_WHAT TO WORK ON_
Images are not part of the copy; write out the rest of the data exactly as given.

_INFORMATION SUPPLIED_

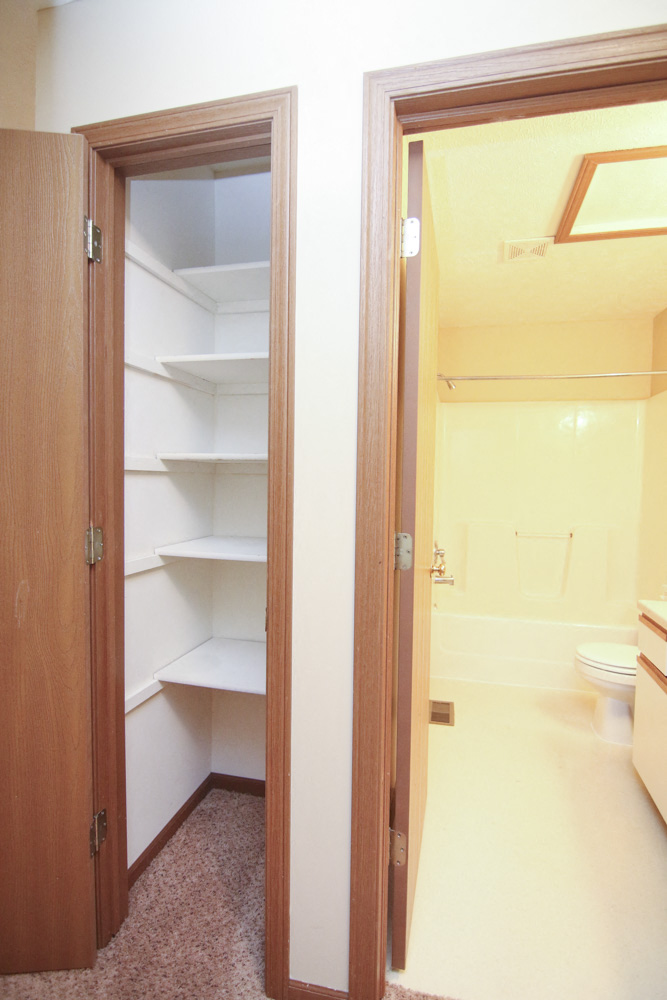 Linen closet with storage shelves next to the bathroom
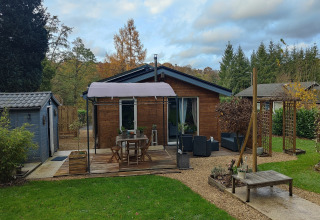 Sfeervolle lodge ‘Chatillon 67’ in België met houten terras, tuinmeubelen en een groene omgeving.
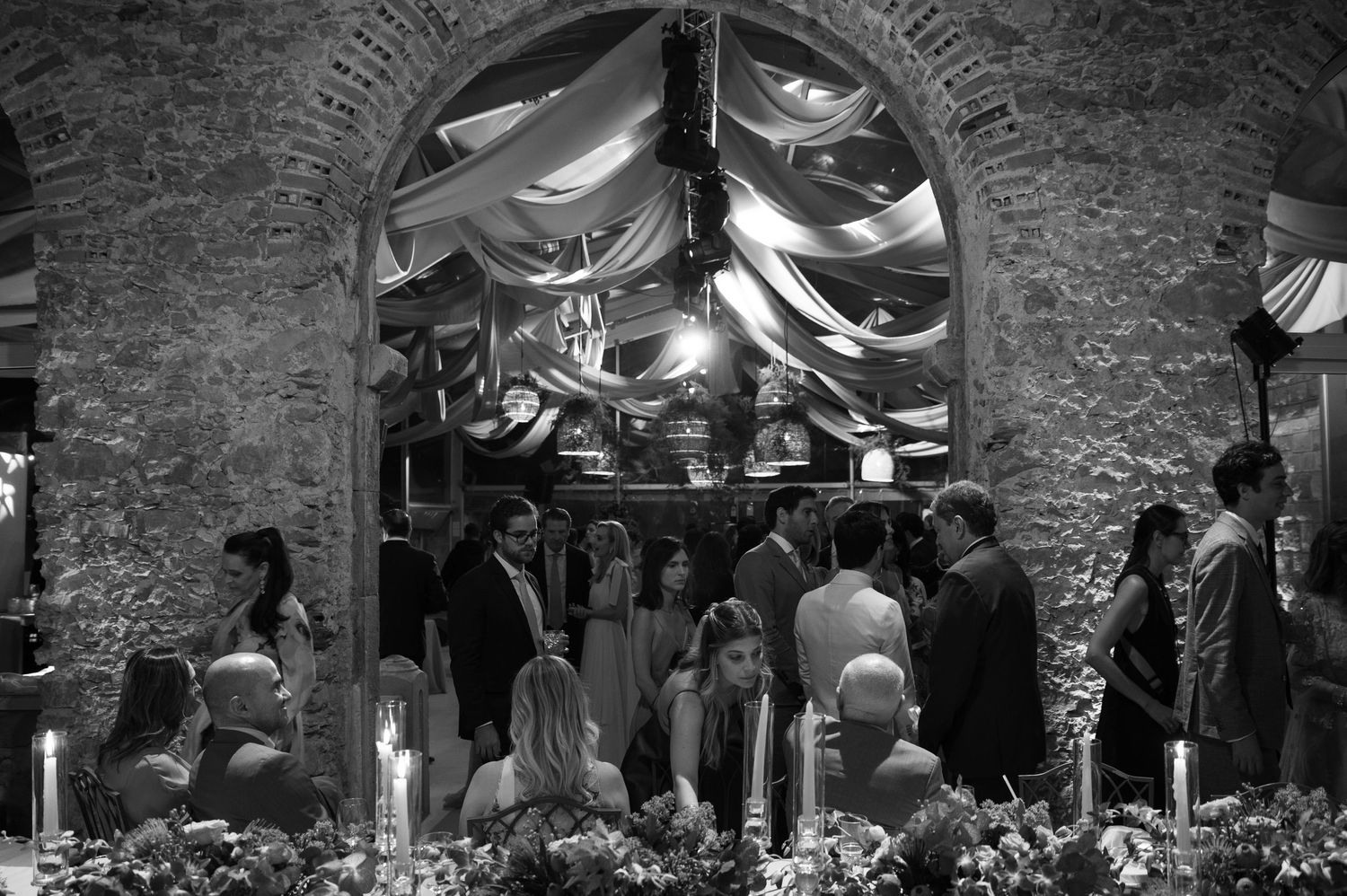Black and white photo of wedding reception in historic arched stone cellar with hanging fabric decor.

_RESPONSE_
 Linen closet with storage shelves next to the bathroom
 Sfeervolle lodge ‘Chatillon 67’ in België met houten terras, tuinmeubelen en een groene omgeving.
Black and white photo of wedding reception in historic arched stone cellar with hanging fabric decor.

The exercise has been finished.